**What you will do**
Start with the first line of the records below. Output each line exactly, ending with the one that contains "Tapere of Titikaveka".

**The records**
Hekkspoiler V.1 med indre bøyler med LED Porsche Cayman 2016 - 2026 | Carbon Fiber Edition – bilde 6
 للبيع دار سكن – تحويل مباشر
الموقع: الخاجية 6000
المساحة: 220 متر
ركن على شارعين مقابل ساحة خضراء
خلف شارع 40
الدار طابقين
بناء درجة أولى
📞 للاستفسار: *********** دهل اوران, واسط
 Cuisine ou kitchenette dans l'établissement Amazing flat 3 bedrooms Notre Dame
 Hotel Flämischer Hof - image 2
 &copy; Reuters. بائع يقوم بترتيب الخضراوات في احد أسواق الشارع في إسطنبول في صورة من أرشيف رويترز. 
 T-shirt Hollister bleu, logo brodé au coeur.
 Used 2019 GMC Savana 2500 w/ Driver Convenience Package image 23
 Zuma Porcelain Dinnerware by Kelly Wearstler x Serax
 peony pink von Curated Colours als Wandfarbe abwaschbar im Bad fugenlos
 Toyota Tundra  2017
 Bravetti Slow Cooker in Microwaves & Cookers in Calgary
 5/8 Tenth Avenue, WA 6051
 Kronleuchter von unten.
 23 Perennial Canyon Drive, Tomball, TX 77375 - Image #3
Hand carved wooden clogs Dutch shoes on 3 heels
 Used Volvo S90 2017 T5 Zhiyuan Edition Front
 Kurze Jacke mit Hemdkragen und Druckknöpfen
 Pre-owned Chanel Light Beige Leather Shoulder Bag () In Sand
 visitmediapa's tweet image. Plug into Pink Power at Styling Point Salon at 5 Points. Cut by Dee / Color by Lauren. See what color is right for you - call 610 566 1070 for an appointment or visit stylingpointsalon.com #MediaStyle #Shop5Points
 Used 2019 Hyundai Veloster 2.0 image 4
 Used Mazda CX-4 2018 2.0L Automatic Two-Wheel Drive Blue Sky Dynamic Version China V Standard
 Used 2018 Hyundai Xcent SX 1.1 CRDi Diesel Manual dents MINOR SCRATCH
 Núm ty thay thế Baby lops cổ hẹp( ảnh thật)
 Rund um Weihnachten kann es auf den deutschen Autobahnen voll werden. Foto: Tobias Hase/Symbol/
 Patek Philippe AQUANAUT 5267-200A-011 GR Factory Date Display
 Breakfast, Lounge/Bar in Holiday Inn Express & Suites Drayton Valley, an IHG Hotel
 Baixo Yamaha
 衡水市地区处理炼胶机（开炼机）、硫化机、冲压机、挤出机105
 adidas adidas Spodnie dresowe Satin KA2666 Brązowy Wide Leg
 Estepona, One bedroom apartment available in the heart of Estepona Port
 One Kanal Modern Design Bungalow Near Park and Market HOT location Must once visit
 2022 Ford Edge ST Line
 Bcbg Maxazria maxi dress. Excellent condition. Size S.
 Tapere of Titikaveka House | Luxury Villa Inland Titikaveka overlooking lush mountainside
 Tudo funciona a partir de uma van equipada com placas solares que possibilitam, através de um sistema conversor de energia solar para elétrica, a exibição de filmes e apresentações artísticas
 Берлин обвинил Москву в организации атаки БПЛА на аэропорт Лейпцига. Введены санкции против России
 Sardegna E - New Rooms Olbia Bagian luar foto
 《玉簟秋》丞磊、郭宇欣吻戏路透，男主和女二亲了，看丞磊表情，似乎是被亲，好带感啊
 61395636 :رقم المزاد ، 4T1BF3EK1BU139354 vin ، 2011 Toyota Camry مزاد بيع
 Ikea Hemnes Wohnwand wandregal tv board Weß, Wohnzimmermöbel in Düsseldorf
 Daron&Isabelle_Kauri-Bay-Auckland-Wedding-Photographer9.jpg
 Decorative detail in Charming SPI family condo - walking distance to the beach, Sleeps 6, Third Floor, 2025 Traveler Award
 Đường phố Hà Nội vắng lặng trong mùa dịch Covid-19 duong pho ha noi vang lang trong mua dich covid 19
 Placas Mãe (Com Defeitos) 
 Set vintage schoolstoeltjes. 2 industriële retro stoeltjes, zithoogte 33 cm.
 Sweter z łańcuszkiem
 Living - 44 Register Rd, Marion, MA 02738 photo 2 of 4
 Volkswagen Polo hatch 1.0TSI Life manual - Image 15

**Finished exercise**
Hekkspoiler V.1 med indre bøyler med LED Porsche Cayman 2016 - 2026 | Carbon Fiber Edition – bilde 6
 للبيع دار سكن – تحويل مباشر
الموقع: الخاجية 6000
المساحة: 220 متر
ركن على شارعين مقابل ساحة خضراء
خلف شارع 40
الدار طابقين
بناء درجة أولى
📞 للاستفسار: *********** دهل اوران, واسط
 Cuisine ou kitchenette dans l'établissement Amazing flat 3 bedrooms Notre Dame
 Hotel Flämischer Hof - image 2
 &copy; Reuters. بائع يقوم بترتيب الخضراوات في احد أسواق الشارع في إسطنبول في صورة من أرشيف رويترز. 
 T-shirt Hollister bleu, logo brodé au coeur.
 Used 2019 GMC Savana 2500 w/ Driver Convenience Package image 23
 Zuma Porcelain Dinnerware by Kelly Wearstler x Serax
 peony pink von Curated Colours als Wandfarbe abwaschbar im Bad fugenlos
 Toyota Tundra  2017
 Bravetti Slow Cooker in Microwaves & Cookers in Calgary
 5/8 Tenth Avenue, WA 6051
 Kronleuchter von unten.
 23 Perennial Canyon Drive, Tomball, TX 77375 - Image #3
Hand carved wooden clogs Dutch shoes on 3 heels
 Used Volvo S90 2017 T5 Zhiyuan Edition Front
 Kurze Jacke mit Hemdkragen und Druckknöpfen
 Pre-owned Chanel Light Beige Leather Shoulder Bag () In Sand
 visitmediapa's tweet image. Plug into Pink Power at Styling Point Salon at 5 Points. Cut by Dee / Color by Lauren. See what color is right for you - call 610 566 1070 for an appointment or visit stylingpointsalon.com #MediaStyle #Shop5Points
 Used 2019 Hyundai Veloster 2.0 image 4
 Used Mazda CX-4 2018 2.0L Automatic Two-Wheel Drive Blue Sky Dynamic Version China V Standard
 Used 2018 Hyundai Xcent SX 1.1 CRDi Diesel Manual dents MINOR SCRATCH
 Núm ty thay thế Baby lops cổ hẹp( ảnh thật)
 Rund um Weihnachten kann es auf den deutschen Autobahnen voll werden. Foto: Tobias Hase/Symbol/
 Patek Philippe AQUANAUT 5267-200A-011 GR Factory Date Display
 Breakfast, Lounge/Bar in Holiday Inn Express & Suites Drayton Valley, an IHG Hotel
 Baixo Yamaha
 衡水市地区处理炼胶机（开炼机）、硫化机、冲压机、挤出机105
 adidas adidas Spodnie dresowe Satin KA2666 Brązowy Wide Leg
 Estepona, One bedroom apartment available in the heart of Estepona Port
 One Kanal Modern Design Bungalow Near Park and Market HOT location Must once visit
 2022 Ford Edge ST Line
 Bcbg Maxazria maxi dress. Excellent condition. Size S.
 Tapere of Titikaveka House | Luxury Villa Inland Titikaveka overlooking lush mountainside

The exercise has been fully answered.